The obtained trends indicate that thermal treatment up to 190 °C is not sufficient to decrease the temperature of thermal decomposition in HEM-activated samples. Contrarily, the clear decreasing of temperature decomposition is marked at Stage II (temperature near 330 °C) for the sample TS60 m. The effects for the HEM-activated samples over 60 min and for samples threaded at temperature over 330 °C stay practically unchanged in comparison to the last described one. Therefore, it is not necessary to heat the samples at temperature over 330 °C and high energy activate for over 60 min. These results confirm well the results from the chemical and FTIR analyses.

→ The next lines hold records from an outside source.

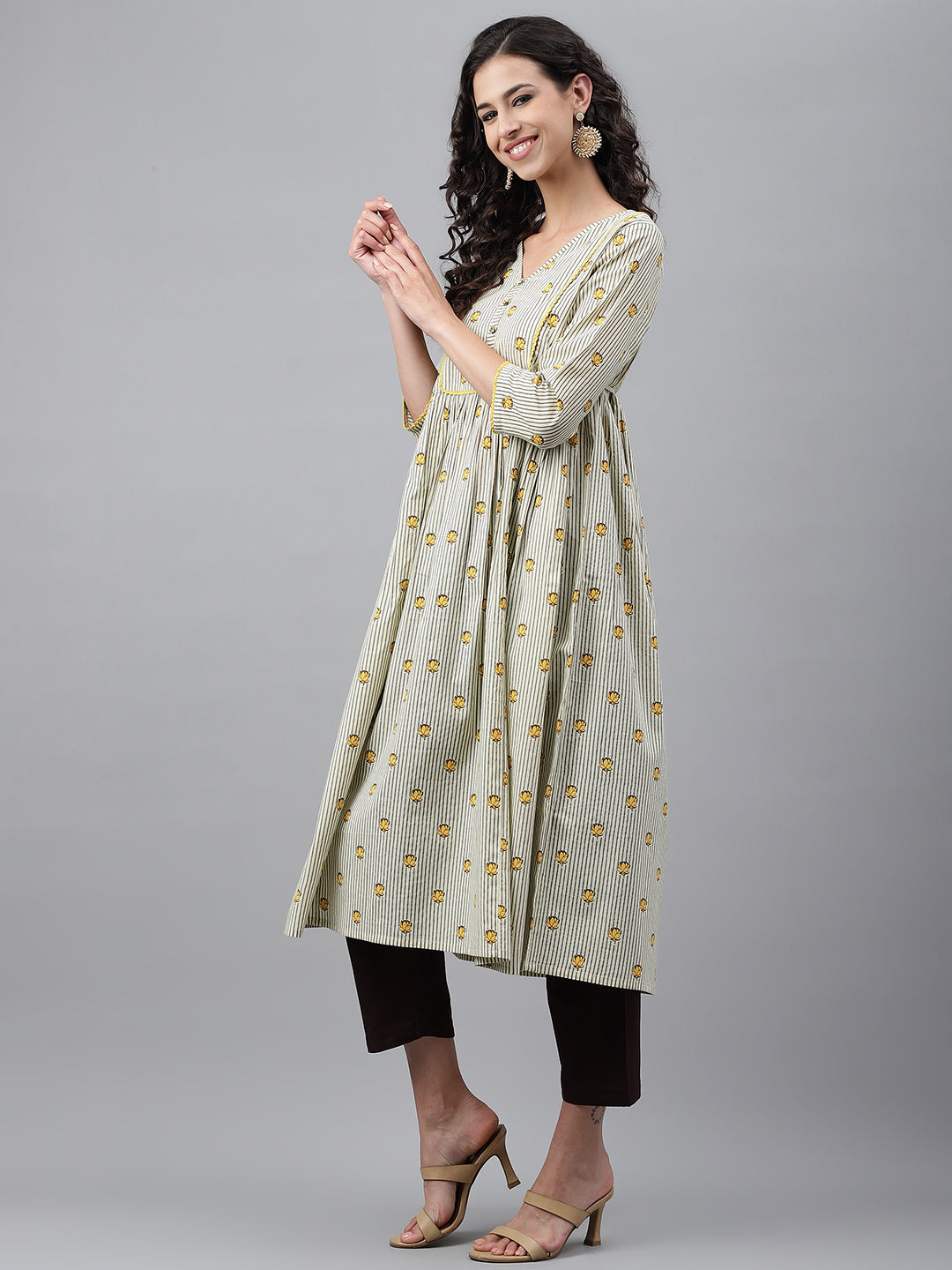 Janasya Women's Light Yellow Cotton Floral Printed Party Flared Kurta | Swadesiicart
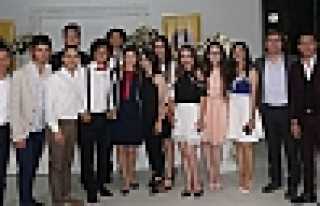 ATİKE HANIM MEZUNLARINI UĞURLADI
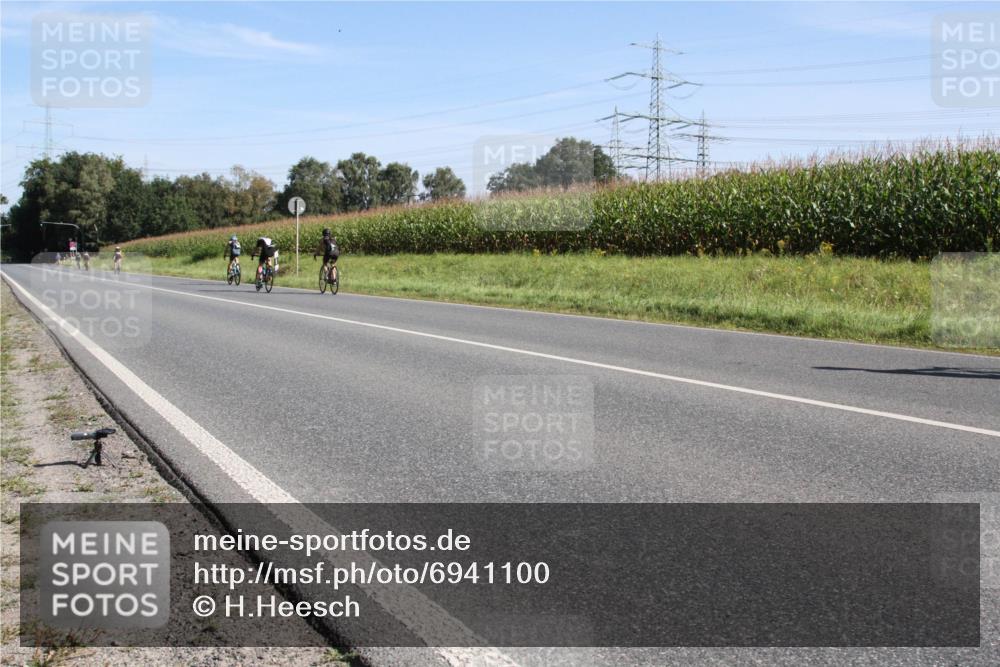 01.09.2024 - 17. Tribühne Triathlon H.Heesch http://msf.ph/oto/6941100 01.09.2024 10:32:54 Radfahren 149, 206, 209, 233, 280, 299 meine-sportfotos.de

As a result of the applied high-energy ball milling, the crystal structure of apatite accumulates mechanical energy and passes into a metastable energy state. A change of this type increases the apatite reactivity, which is accompanied with the formation of ammonium calcium phosphates. The appearance of an exothermal effect on the DTA curve probably is a function of the sample activation (the effect is missing on the DTA curve of the non-activated sample) [4]. The accumulated mechanical energy relaxes at higher temperatures, which is indicated by the exothermal effect on the DTA curve—the effect is best expressed as a transformation of CaH2P2O7 into α-Ca2P2O7 for the sample TS10 h. On increasing the activation time the intensity of the exothermal effect decreases probably due to a stronger particle agglomeration. Under subsequent thermal treatment of the activated samples, the following reactions occur: (i) reaction between activated apatite and ammonium sulphate with the formation of ammonium calcium hydrogen ortho- and pyro-phosphates; (ii) decomposition of previously formed new phases and (iii) decomposition of ammonium calcium hydrogen ortho- and pyro-phosphates. In addition, a reduction of the reaction temperature is observed.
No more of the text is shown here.